This talk targets the automatic recognition of human actions in videos. Human action recognition is defined as a requirement to determine what human actions occur in videos. This problem is particularly hard due to enormous variations in visual and motion appearance of people and actions, camera viewpoint changes, moving background, occlusions, noise, and enormous amount of video data.
Firstly, I will present two local spatio-temporal descriptors for action recognition in videos. The first descriptor is based on a covariance matrix representation, and it models linear relations between low-level features. The second descriptor is based on a Brownian covariance and it models all kinds of possible relations between low-level features.

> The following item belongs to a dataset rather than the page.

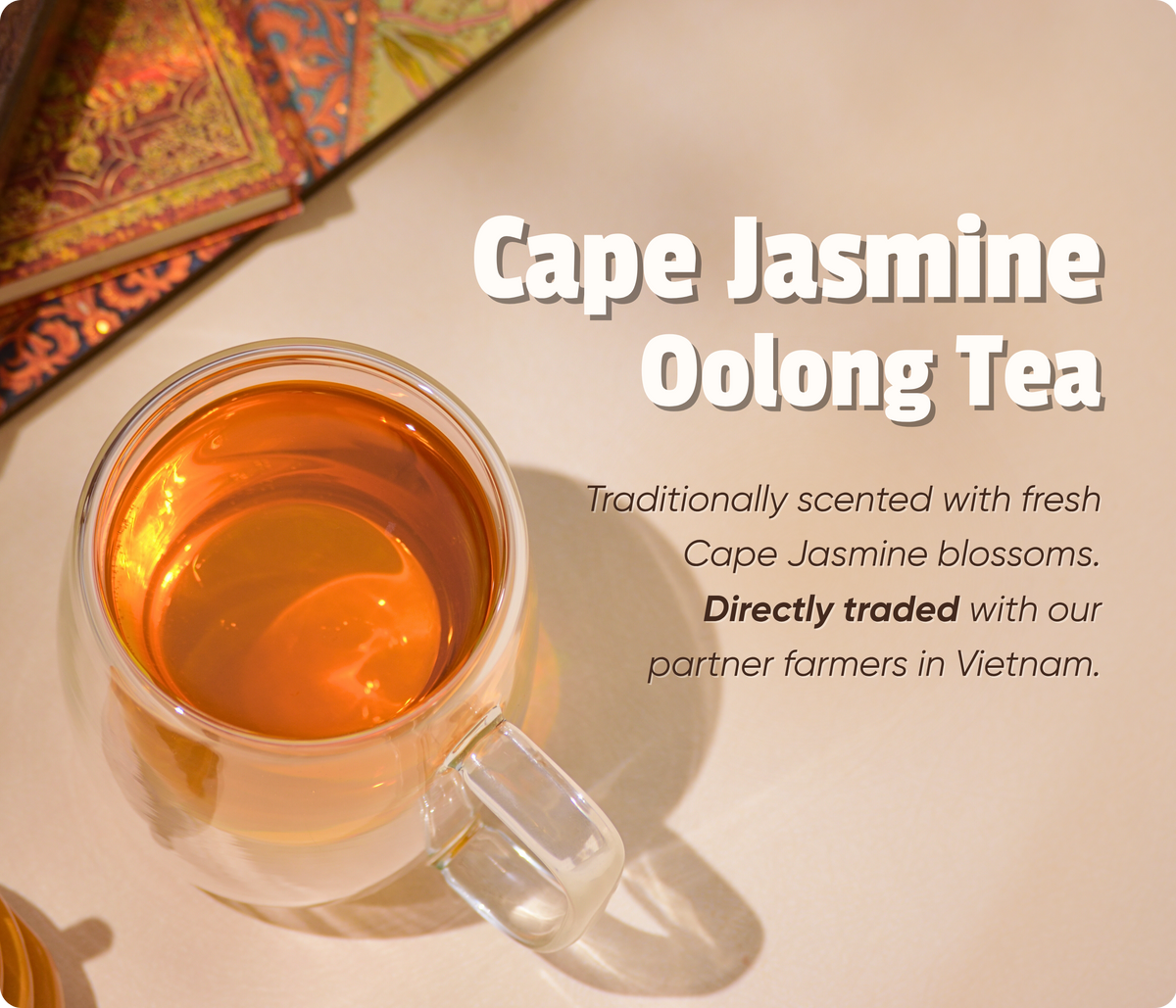 CAPE JASMINE OOLONG TEA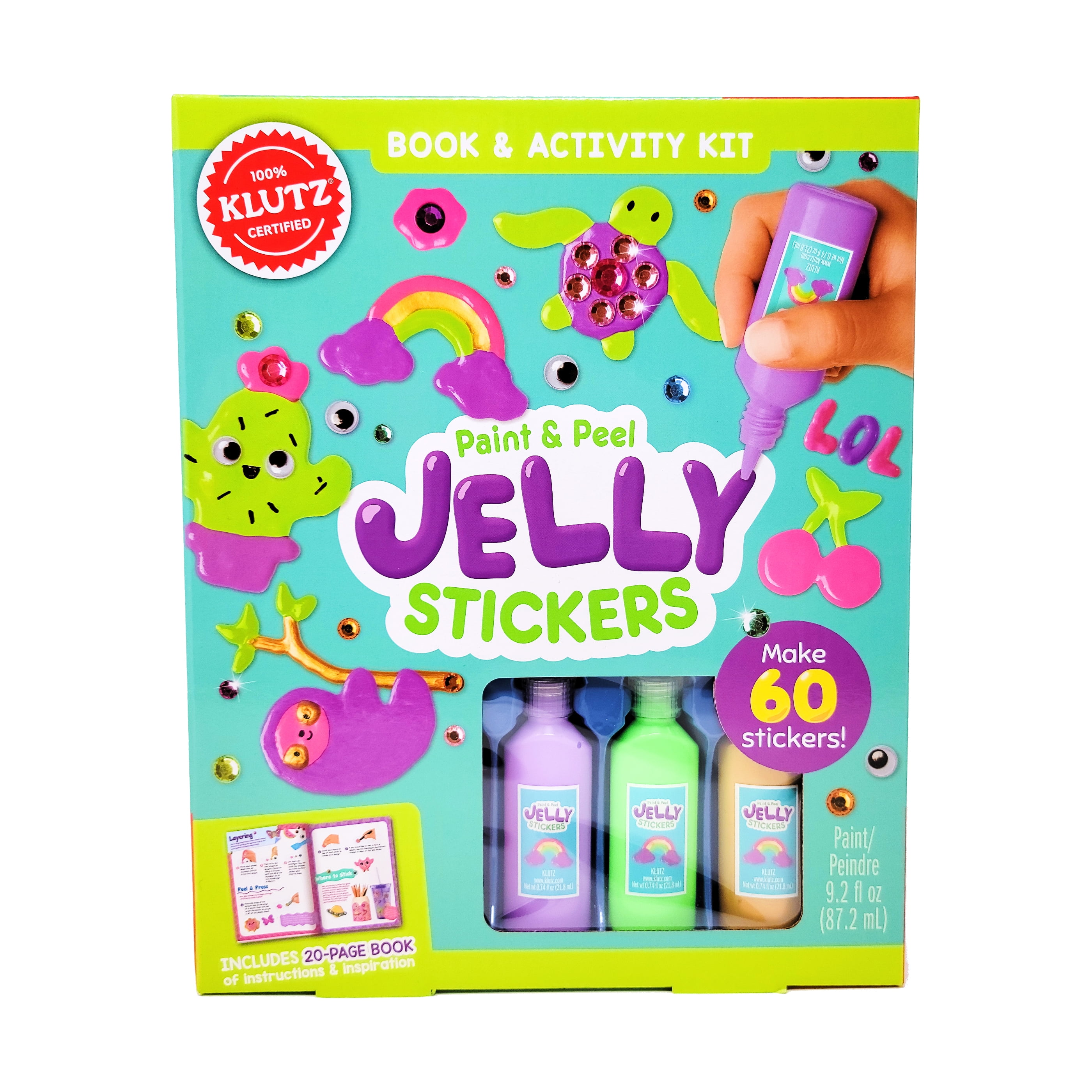 Klutz Paint & Peel Jelly Stickers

Then, I will talk about two higher-level feature representations to go beyond the limitations of the local feature encoding techniques.
The first representation is based on the idea of relative dense trajectories. I will present an object-centric local feature representation of motion trajectories, which allows to use the spatial information by a local feature encoding technique.
The second representation captures statistics of pairwise co-occurring visual words within multi-scale feature-centric neighborhoods. The proposed contextual features based representation encodes information about local density of features, local pairwise relations among the features, and spatio-temporal order among features.
Finally, I will show that the proposed techniques obtain better or similar performance in comparison to the state-of-the-art on various, real, and challenging human action recognition datasets (Weizmann, KTH, URADL, MSR Daily Activity 3D, UCF50, HMDB51, and CHU Nice Hospital).
Dr. Piotr Tadeusz Biliński is a Post-Doctoral Research Fellow at STARS team at INRIA Institute, Sophia Antipolis Research Center, France. He obtained his Bachelor's Degree in 2008 and Master's Degree in 2009 from Poznan University of Technology in Poland. He has been working on Human Action Recognition in Videos since 2010, under the supervision of Francois Bremond. In 2013, he was a Research Intern at the Microsoft Research in Redmond, United States, where he was working in Audio and Signal Processing domain, on Computer Vision and Machine Learning techniques for Head-Related Transfer Function Personalization using Anthropometric Features. In 2014, he received his Ph.D. Degree from the University of Nice in France. His Ph.D. Thesis was reviewed by Ram Nevatia, Frederic Jurie, and Ivan Laptev.